So go ahead and encourage your children or grandchildren to celebrate National Snack Month by indulging in peanut butter with a clear conscience, and peanut butter sandwiches are a good place to begin.
Most people consider adding jelly as the natural way to begin fancying up a peanut butter sandwich, but I think the process begins with using something besides white bread as your sandwich base. Seeded and multi-grain breads are good, as well as English muffins and sourdough bread.
You can also add a whole new dimension by using toasted bread — hot from the oven — so the peanut butter melts slightly as it spreads.
Then, and only then, is it time to think about additions. The most commonplace, I believe, are grape jelly and strawberry jam, but don't hesitate to experiment with some of the other jams, preserves or marmalades.

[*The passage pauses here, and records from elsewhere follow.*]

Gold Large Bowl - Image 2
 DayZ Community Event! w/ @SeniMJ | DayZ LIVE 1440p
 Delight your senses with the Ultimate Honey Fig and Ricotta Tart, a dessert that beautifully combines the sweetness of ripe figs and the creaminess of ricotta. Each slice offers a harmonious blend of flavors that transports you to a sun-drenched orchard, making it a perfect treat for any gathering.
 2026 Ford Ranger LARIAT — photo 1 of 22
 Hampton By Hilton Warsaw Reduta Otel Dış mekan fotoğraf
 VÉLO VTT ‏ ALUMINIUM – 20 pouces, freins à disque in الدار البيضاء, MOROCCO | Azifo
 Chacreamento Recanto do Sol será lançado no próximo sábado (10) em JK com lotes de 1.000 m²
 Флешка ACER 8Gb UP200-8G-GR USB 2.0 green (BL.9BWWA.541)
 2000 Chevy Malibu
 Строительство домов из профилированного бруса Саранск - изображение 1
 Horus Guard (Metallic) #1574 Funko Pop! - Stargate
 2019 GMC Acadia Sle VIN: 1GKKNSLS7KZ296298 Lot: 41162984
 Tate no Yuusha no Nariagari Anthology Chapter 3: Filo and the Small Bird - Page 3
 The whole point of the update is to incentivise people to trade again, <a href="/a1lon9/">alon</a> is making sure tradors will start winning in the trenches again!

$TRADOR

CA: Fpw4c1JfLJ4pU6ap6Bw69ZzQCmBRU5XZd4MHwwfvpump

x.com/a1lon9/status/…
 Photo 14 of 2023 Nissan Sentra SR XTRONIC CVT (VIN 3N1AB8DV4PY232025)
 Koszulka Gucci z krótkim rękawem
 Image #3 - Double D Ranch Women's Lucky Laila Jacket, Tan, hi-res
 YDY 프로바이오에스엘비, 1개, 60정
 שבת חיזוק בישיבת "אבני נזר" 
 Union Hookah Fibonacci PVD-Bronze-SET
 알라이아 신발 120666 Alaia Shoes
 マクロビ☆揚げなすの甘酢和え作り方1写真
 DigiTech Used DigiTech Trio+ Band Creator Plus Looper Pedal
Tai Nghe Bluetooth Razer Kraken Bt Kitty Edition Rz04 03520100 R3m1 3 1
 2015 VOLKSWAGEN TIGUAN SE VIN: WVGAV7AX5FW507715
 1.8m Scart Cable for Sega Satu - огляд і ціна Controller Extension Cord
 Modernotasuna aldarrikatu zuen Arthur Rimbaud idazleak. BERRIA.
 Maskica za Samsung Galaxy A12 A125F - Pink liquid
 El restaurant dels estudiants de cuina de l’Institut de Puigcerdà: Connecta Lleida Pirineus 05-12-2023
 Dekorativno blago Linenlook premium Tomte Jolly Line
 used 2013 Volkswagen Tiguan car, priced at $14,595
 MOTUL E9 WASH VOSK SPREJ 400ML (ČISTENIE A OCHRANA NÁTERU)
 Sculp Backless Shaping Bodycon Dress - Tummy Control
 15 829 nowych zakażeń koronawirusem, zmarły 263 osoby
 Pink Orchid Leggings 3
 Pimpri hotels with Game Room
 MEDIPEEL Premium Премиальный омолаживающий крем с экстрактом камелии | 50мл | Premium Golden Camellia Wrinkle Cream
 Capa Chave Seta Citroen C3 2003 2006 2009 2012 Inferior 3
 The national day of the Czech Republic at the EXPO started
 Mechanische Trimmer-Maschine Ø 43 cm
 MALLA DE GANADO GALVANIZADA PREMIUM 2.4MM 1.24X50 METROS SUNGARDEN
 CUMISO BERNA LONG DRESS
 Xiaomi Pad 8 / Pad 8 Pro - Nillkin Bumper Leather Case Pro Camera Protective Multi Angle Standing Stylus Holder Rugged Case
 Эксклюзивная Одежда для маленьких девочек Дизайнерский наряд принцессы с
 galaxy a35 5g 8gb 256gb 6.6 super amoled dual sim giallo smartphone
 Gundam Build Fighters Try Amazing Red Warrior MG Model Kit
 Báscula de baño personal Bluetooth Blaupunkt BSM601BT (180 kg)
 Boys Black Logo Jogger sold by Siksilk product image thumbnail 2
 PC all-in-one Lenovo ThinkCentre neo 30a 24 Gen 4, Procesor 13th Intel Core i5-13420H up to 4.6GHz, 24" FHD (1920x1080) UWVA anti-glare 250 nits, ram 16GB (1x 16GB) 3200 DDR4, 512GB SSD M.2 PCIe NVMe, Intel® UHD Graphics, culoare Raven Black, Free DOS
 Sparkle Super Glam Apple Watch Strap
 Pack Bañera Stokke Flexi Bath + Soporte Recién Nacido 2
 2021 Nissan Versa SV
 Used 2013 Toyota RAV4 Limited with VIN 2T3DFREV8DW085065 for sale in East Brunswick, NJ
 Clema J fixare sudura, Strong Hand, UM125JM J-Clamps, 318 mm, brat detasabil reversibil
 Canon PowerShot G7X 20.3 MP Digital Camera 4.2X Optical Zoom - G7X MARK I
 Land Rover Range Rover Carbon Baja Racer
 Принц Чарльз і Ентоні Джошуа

There are two major schools of thought concerning the proper way to build a peanut butter and jelly sandwich. Some people spread one slice of bread with peanut butter and the other with jelly or jam. Others, and I suspect we are in the minority, believe in mixing the two elements together before spreading them on.
I also suspect that kids today are less inventive than those of past generations when it comes to peanut butter sandwiches. My older brother once decided that peanut butter and mayonnaise was a felicitous partnership, and my younger brother and I joined him in eating peanut butter and mayo sandwiches until the enthusiasm waned.
During summer when a bumper crop of cucumbers inspired my mother to indulge in a pickling frenzy, I experimented blissfully with peanut butter sandwiches made with all the various pickle types, except for dill, which I did not appreciate in those days. I have since come to enjoy dill but have yet to try it as an adjunct to peanut butter.
Of course, sandwiches are only the beginning of peanut butter snacks. Short lengths of celery can be stuffed with peanut butter for a tasty and crunchy combination. Cut a banana (not too ripe) into lengthwise strips two or three inches long, and spread them with your favorite peanut butter. I like crunchy peanut butter for bananas, because of the texture contrast. Apples slices also combine gracefully with peanut butter. I'm partial to McIntosh or Rome apples, sliced about a quarter-inch think and spread with honey-roasted peanut butter.